As reformas urbanas com bases higienistas e sanitaristas na cidade de São Paulo tiveram início na segunda metade do século XIX, e foi a partir da primeira década do século XX que os médicos eugenistas começaram a dialogar com seus pares das áreas da higiene e do sanitarismo. Com isso, houve especificidades na medicina eugênica que foram divididas entre positivas e negativas. A primeira com caráter preventivo e a segunda de caráter mais invasivo. A eugenia positiva visava a educação e o incentivo da procriação de pessoas consideradas aptas para o melhoramento da raça, já a eugenia negativa propunha evitar a proliferação dos incapazes com projetos de esterilização. Vale
dizer que a eugenia negativa foi utilizada pelos médicos nazistas no período posterior a esse durante o governo totalitário de Adolf Hitler na década de 1940 . Sendo assim, no primeiro momento que corresponde à década de 10 e à década de 20, sanear correspondia ao ato de eugenizar. Apesar das discussões e do movimento eugenista de forma geral ter abordado temas como o casamento, a maternidade, a proteção da infância, os tipos raciais, a proteção nacional, a imigração, as doenças venéreas, as doenças mentais e os arquivos genealógicos, não houve unanimidade do pensamento médico eugenista e, portanto, os discursos foram diversos. Dessa forma, para melhor delimitar a análise do período, o presente texto foca no período em que cuidar da higiene significava cuidar da eugenia.
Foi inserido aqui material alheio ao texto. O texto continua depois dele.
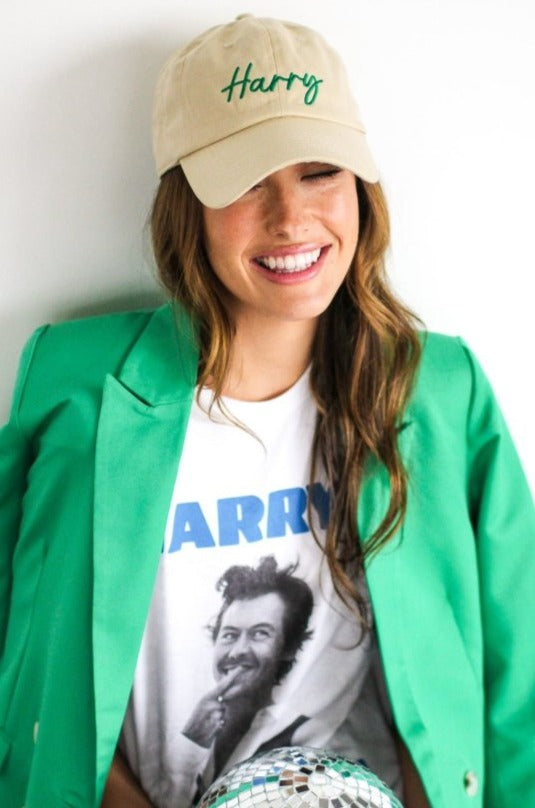 Harry Styles inspired baseball cap with emerald green embroidery. Harry Styles Merch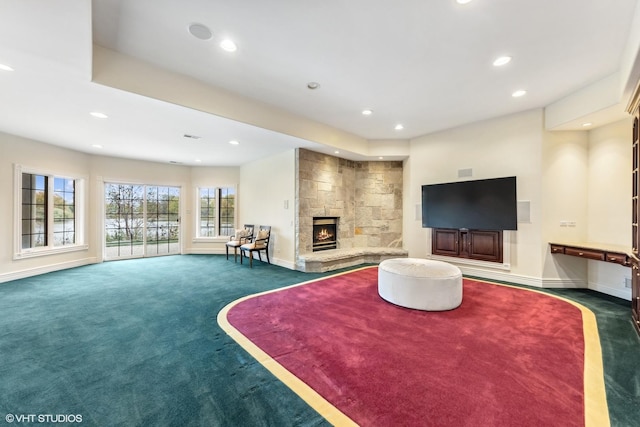 living room featuring dark colored carpet and a fireplace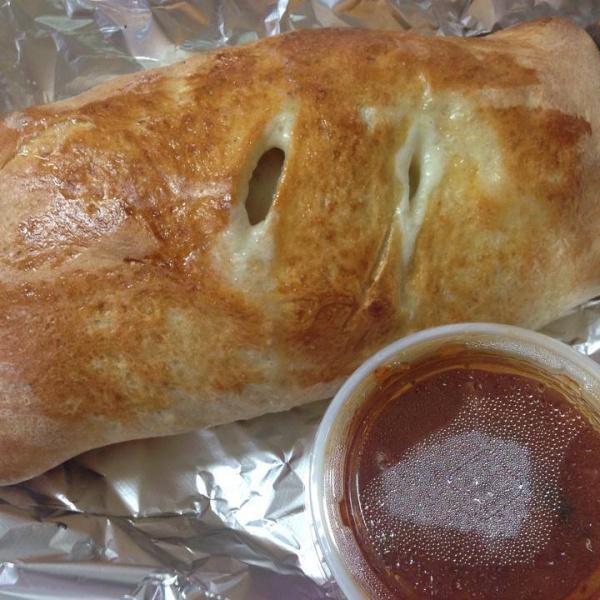 Pepperoni Roll · Pepperoni, onions, green peppers, mozzarella and marinara sauce. Includes mozzarella cheese and marinara sauce on the side.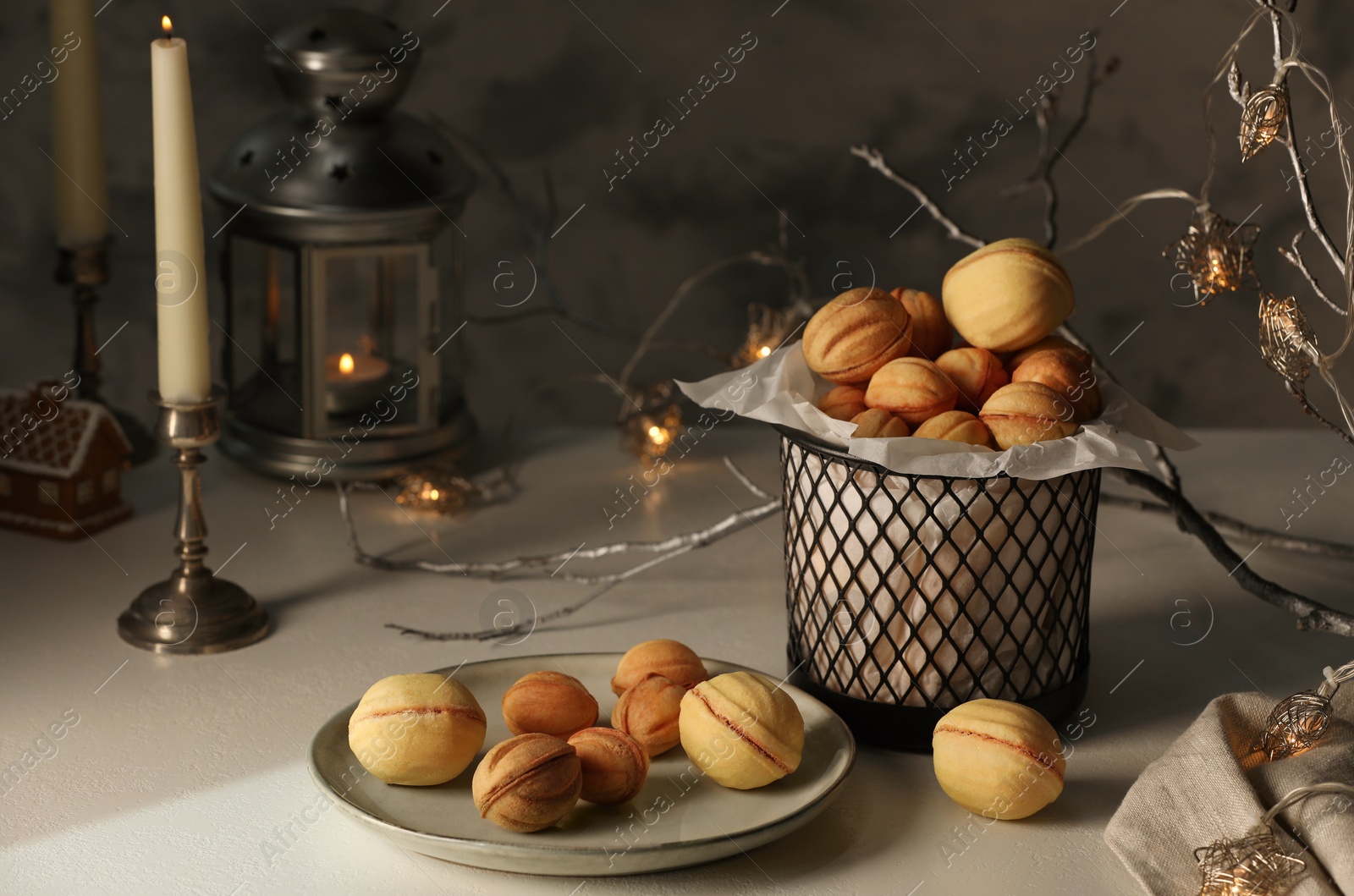Photo of Aromatic walnut shaped cookies, burning candle and decorative branch with lights on beige table. Homemade pastry carrying festive atmosphere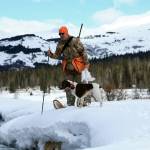 Photo courtesy / Mike Chihuly
Mike Chihuly and Crosson look for a good place to cross open water during a ptarmigan hunt in the Kenai Mountains.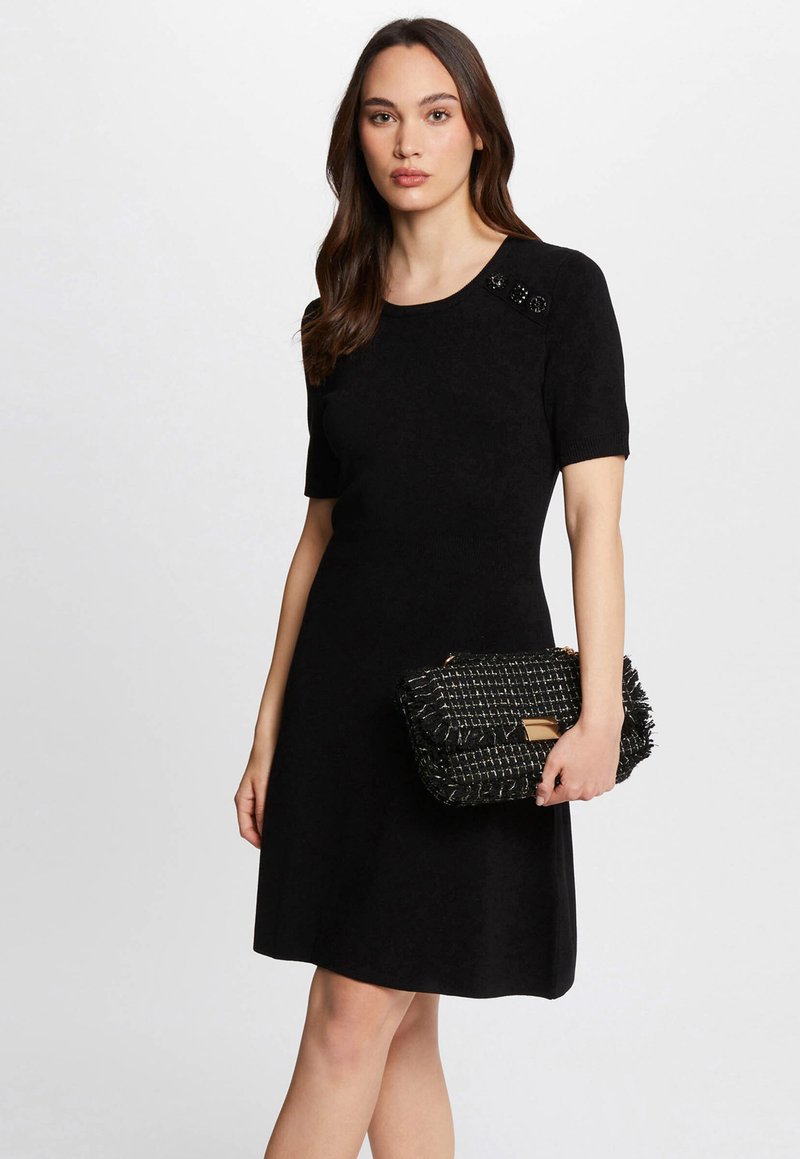 Zwarte jurk met korte mouwen en een ronde halslijn, versierd met schouderdetails, gecombineerd met een gestructureerde zwart-wit clutch.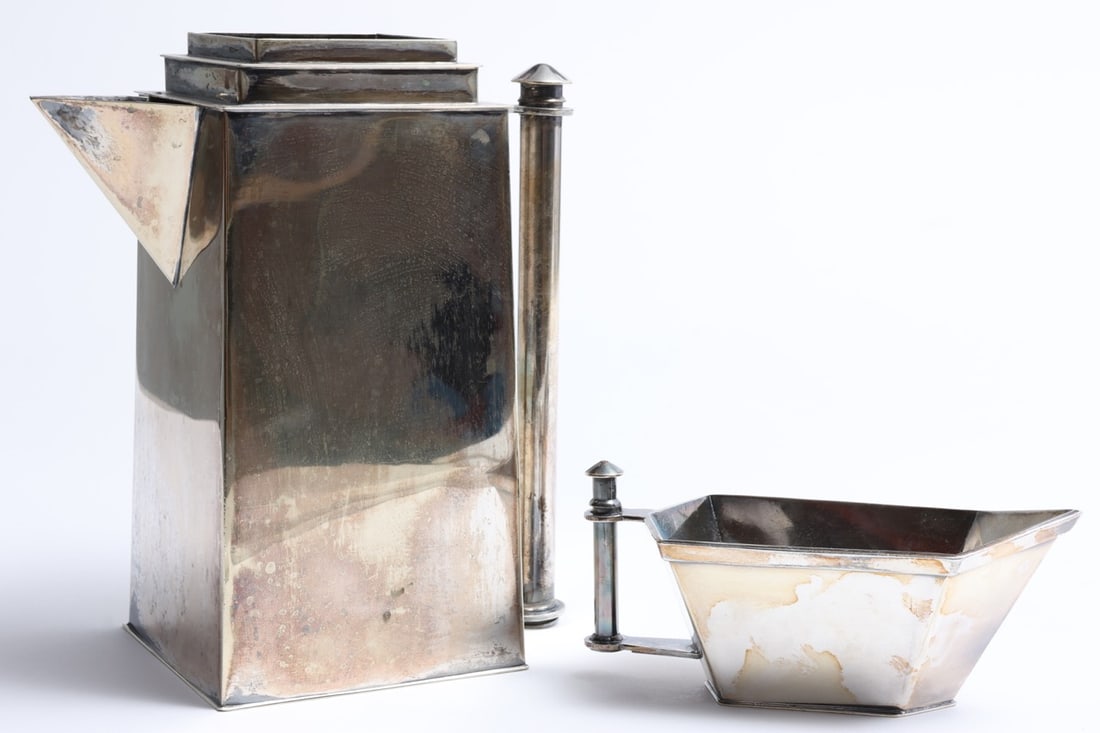 Louis W Rice Skyscraper Water Pitcher And Creamer: Silver-plated Skyscraper Two-piece set includes water pitcher and creamer Apollo Studios line circa 1928 manufactured by Bernard Rices Sons Inc. Rectangular with cylindrical handle impressed 5258 and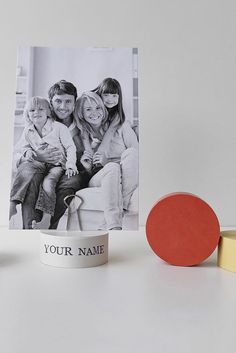 an image of a family sitting on a couch next to a photo and two candles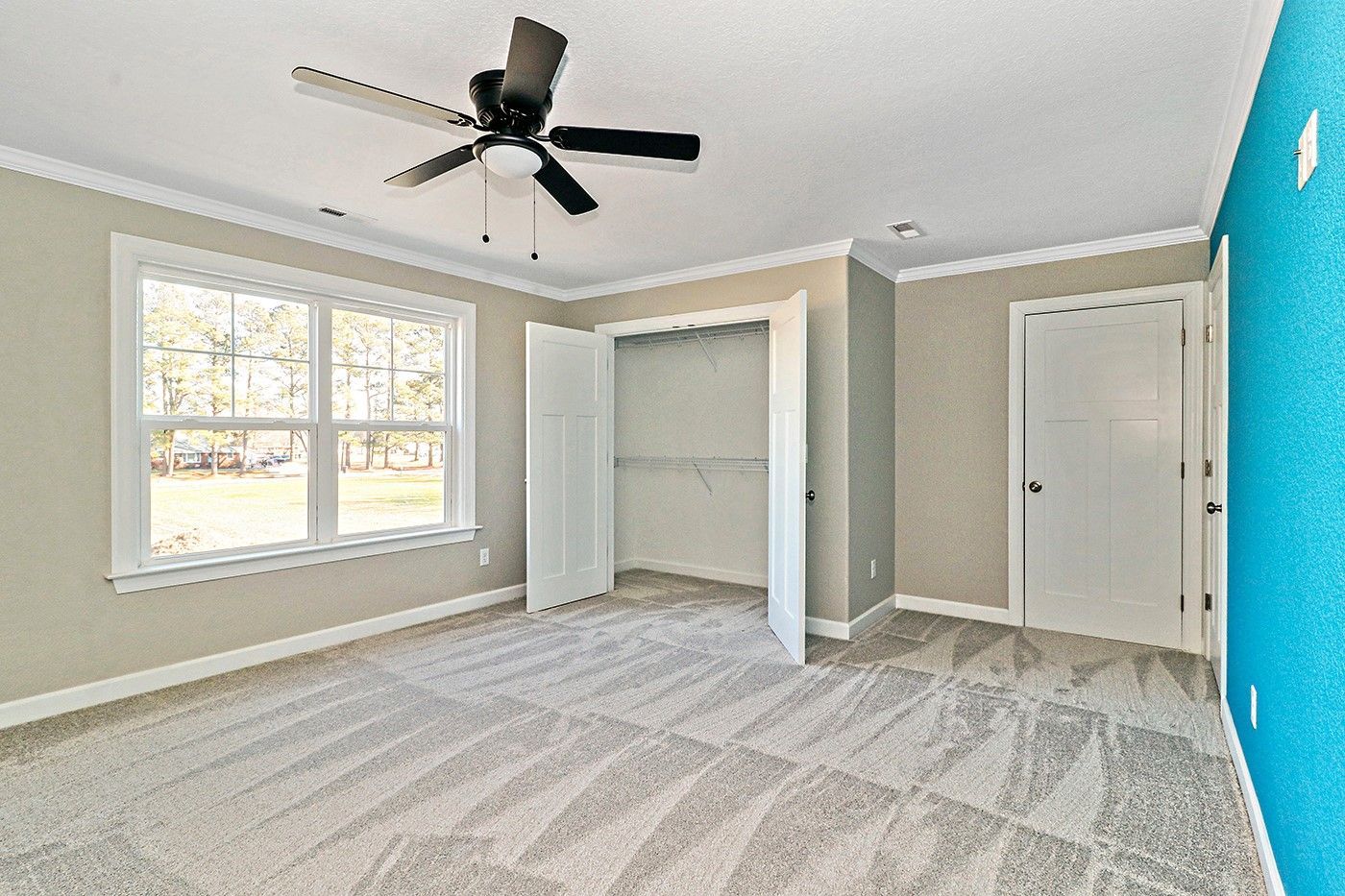 An empty bedroom with a ceiling fan and a blue wall.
“A Paulicéia Desvairada”, título da obra de Mário de Andrade (1893 – 1945), expressou o contraste entre a cidade como o lugar de festejos multiculturais e de vanguarda e a cidade como o lugar permeado pela dominação capitalista manifesta através da moral conservadora, racista, elitista e excludente, na qual os ideais de beleza traziam significados sobre a saúde, a higiene, a civilização e o progresso manifestados no corpo citadino e no corpo humano forjados pelos discursos hegemônicos ou seja, de poder apresentados a sociedade do período como a forma correta e única de ser civilizado.
Através de metáforas, a referida obra de Mário de Andrade trouxe para a cena personagens que representam os grupos sociais e, também, os indivíduos que sofreram com a segregação e estiveram envolvidos pela pobreza como é o caso das mulheres, dos afrodescendentes, dos operários, dos imigrantes, entre outros sujeitos. Outros artistas envolvidos com o movimento modernista na época, diante das especificidades e multiplicidades de suas obras que foram além da literatura, também denunciaram e evidenciaram o desvario, ou seja, a incoerência da cidade que se pretendia moderna e civilizada diante de tantos retrocessos e violências.